And we spent our days at the El Faro beach club, which we had mostly to ourselves.

The weather was beautiful.  The food – when we could find a restaurant that was open – was both excellent and cheap, compared to what we are used to.  And fortunately, I seemed to get a reasonably good tan in Mexico, too.

CARROT sunscreen? I’m still leery. Why no one at Hawaiian Tropic spoke up and suggested that maybe naming a sunscreen after a carrot might not be such a good idea is beyond me.
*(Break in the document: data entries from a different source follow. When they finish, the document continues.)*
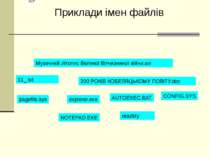 Приклади імен файлів Музичний літопис Великої Вітчизняної війни.avi 200 РОКiВ...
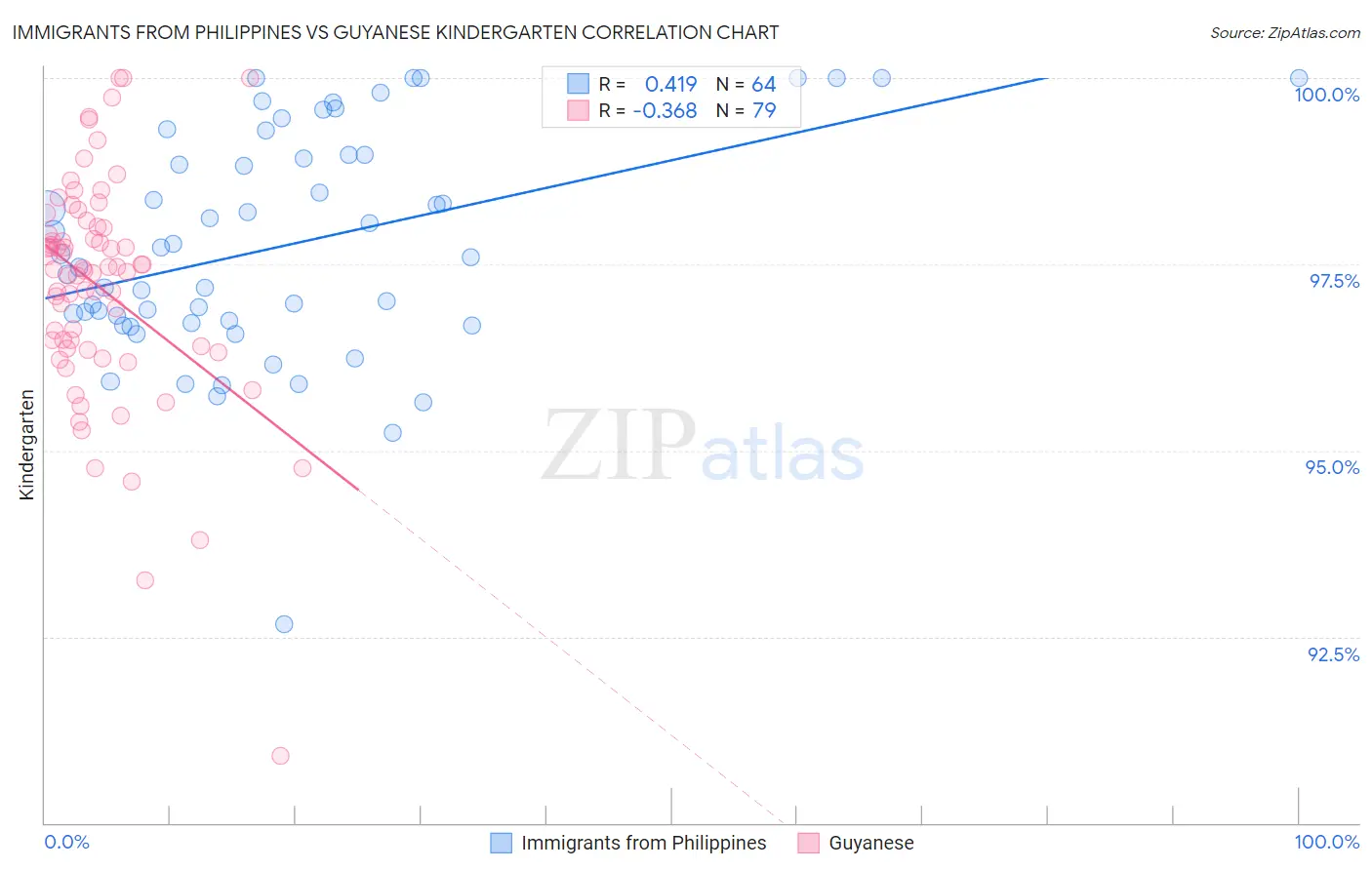 Immigrants from Philippines vs Guyanese Kindergarten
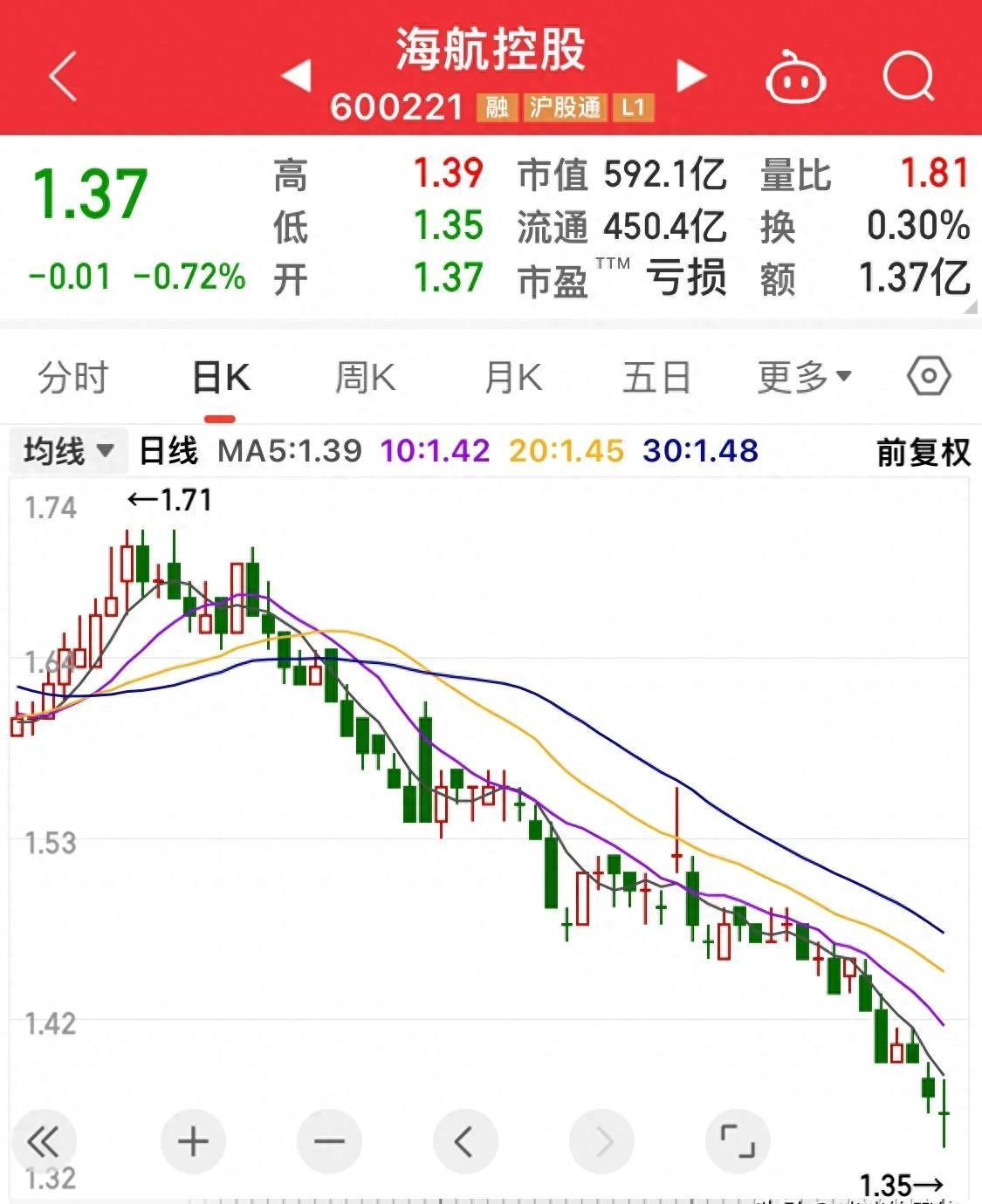 包钢股份股票行情与自然美景的旅行对话深度解析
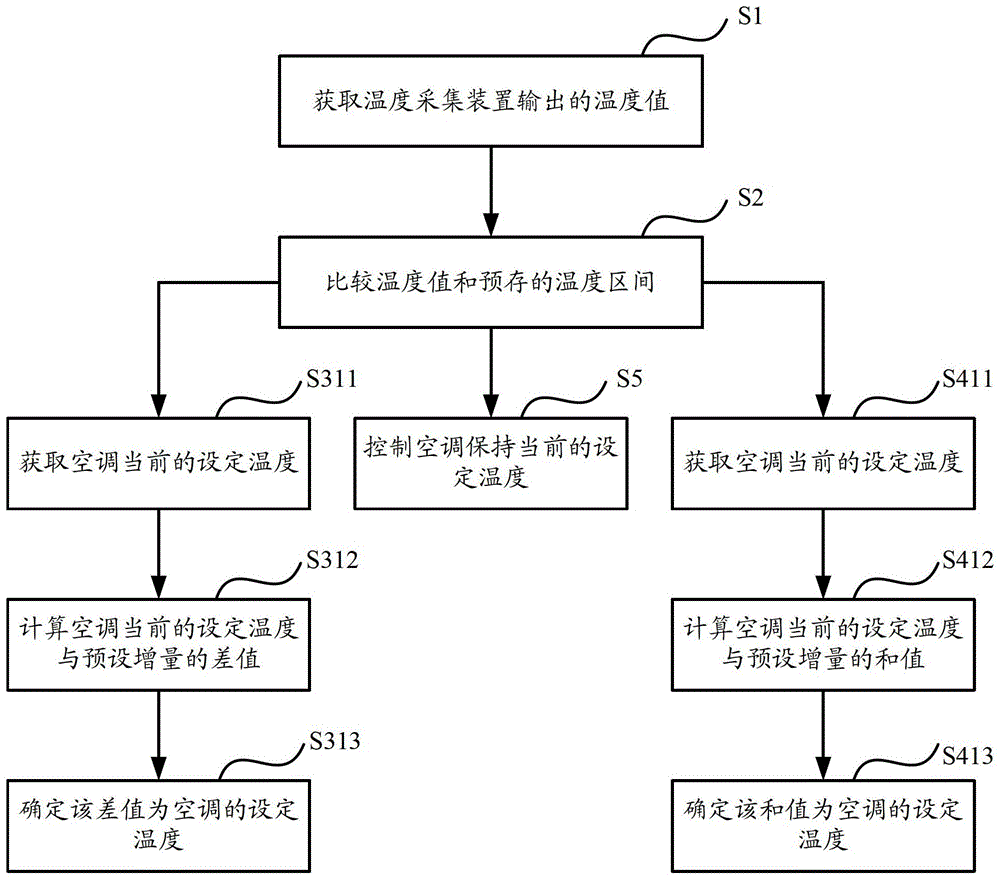 Air conditioner control method, control device, and air conditioner having the control device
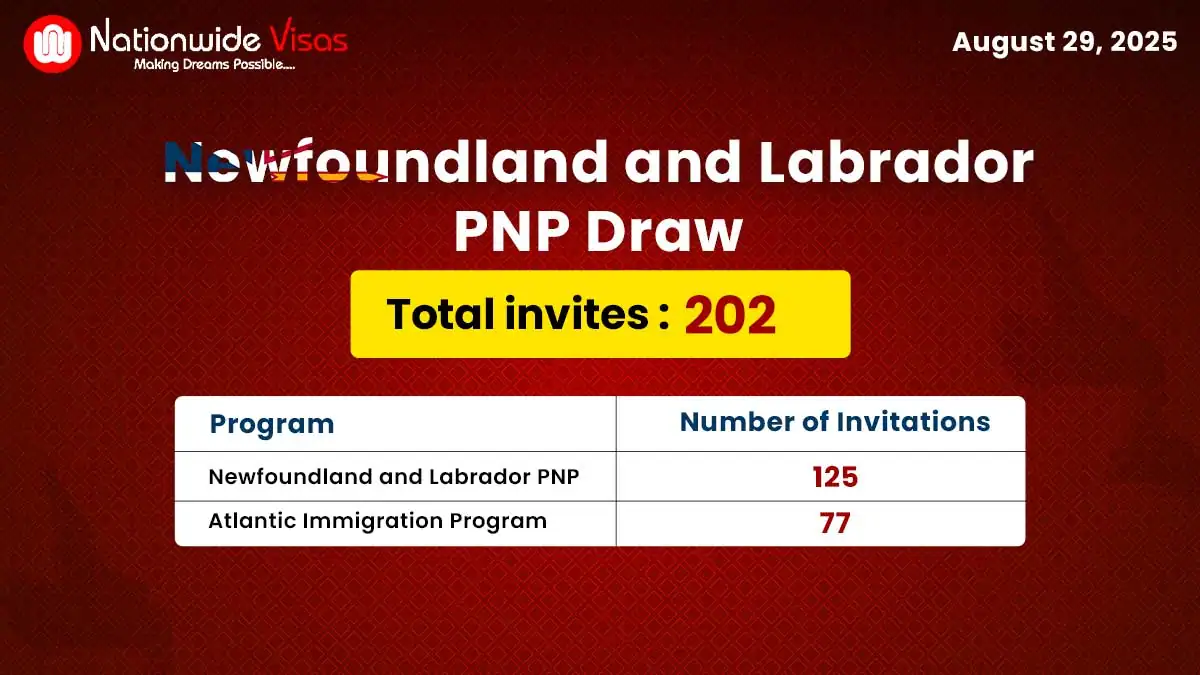 Newfoundland and Labrador PNP Latest Draw: 202 Invitations Issued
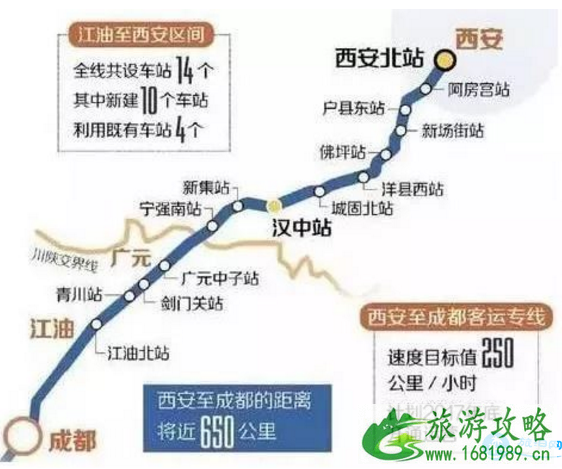 2022成都清明节出行限行扫墓攻略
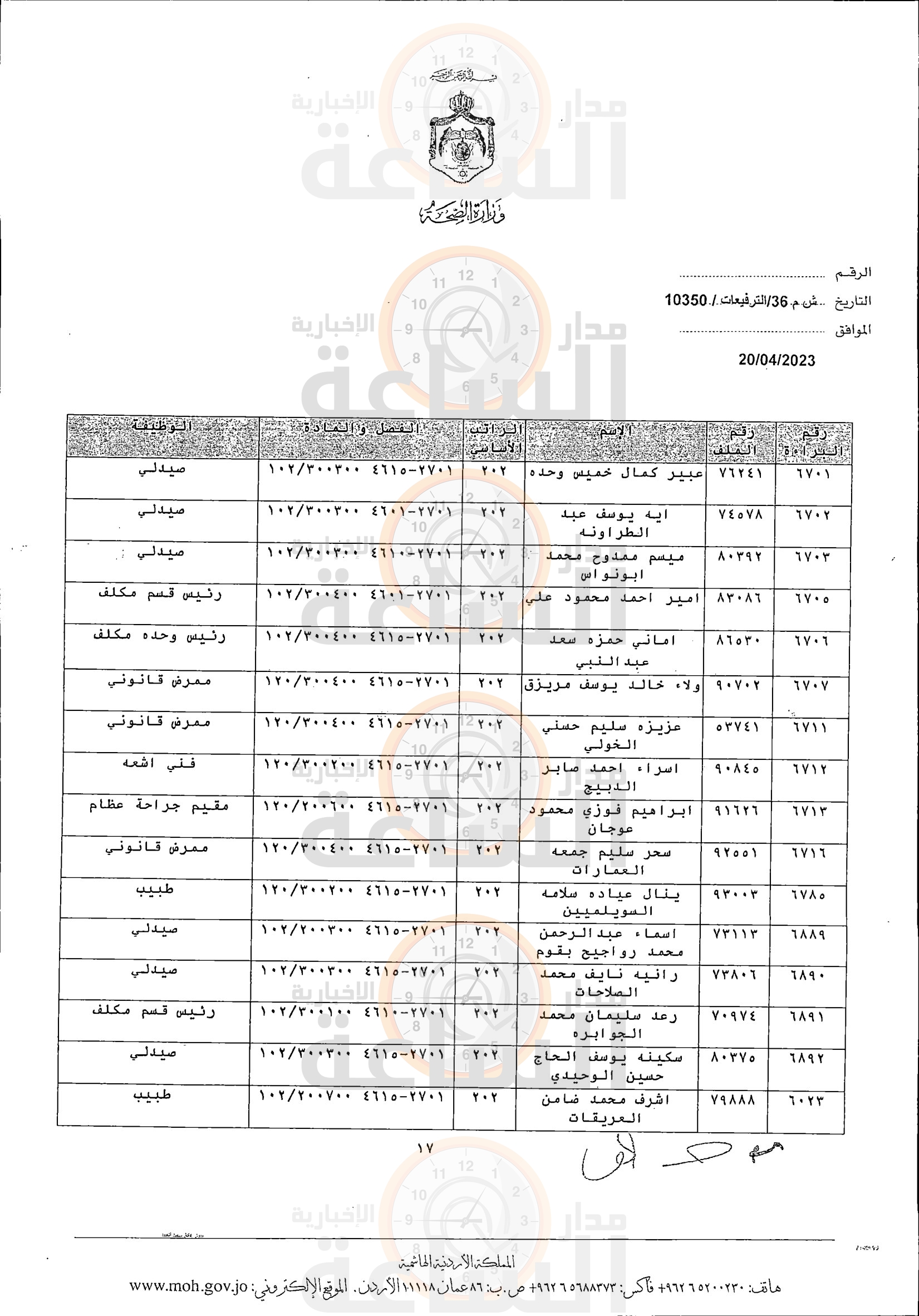 Madar Al-Saa Images 0.6115409210750076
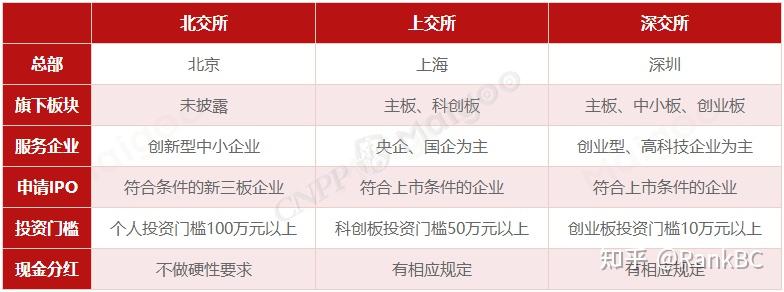 《上海证券交易所证券交易规则适用指引第2号――沪股通投资者程序化交易报告》发布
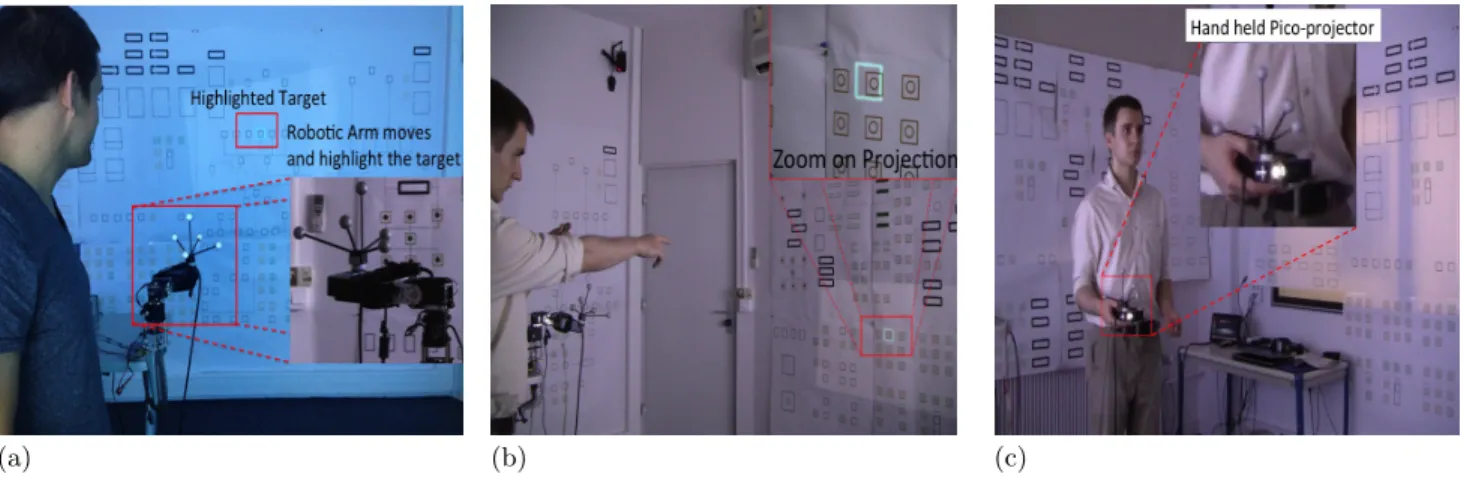 Figure 1: The three projection-based guidance techniques in the study: (a) an actuated pico-projector automatically highlights the target (system control), (b) an extension to the previous technique where the user adds kinesthetic feedback by pointing to t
This vacation was different for us.  We had a good time and relaxed, but nothing about it really thrilled me.  I think I have finally been able to put my finger on what was missing: while we were technically at the sea, it wasn’t the sea I am used to.  It smelled like the sea and the sound of the waves crashing soothed me.  But I couldn’t play in it; I couldn’t bathe in it; I couldn’t paddleboard on it; it couldn’t rock me to sleep.  While Todos Santos was lovely and pleasant, there just wasn’t anything that made it extraordinary.  Lesson learned – primarily about myself and what makes me happy.

Books I read:

  • Before We Were Yours, by Lisa Wingate.  Thought provoking and tragic; and reinforces my hatred for those who pretend to be do-gooders but are really the most evil amongst us.
  • Little Paris Bookshop, by Nina George.  A book that reminds me to live.  Definitely on my Top 10 list.
  • Rooster Bar, by John Grisham.  A book apparently inspired by an article in The Atlantic by one of my law school profs.  Another read exemplifying how screwed up our world has become.
  • The Bookshop on the Corner, by Jenny Colgan.  I’m not done with this one yet, but I am enjoying it.  A book about maintaining the safe and the comfortable (but the blah…) or taking a risk in finding happiness.

* Since the spies over at Google search and index everything, I’m going to anonymize PW’s name.  We’ll call her Pale Horse on this blog because, well, Paul thinks that is a good name for a sport fish.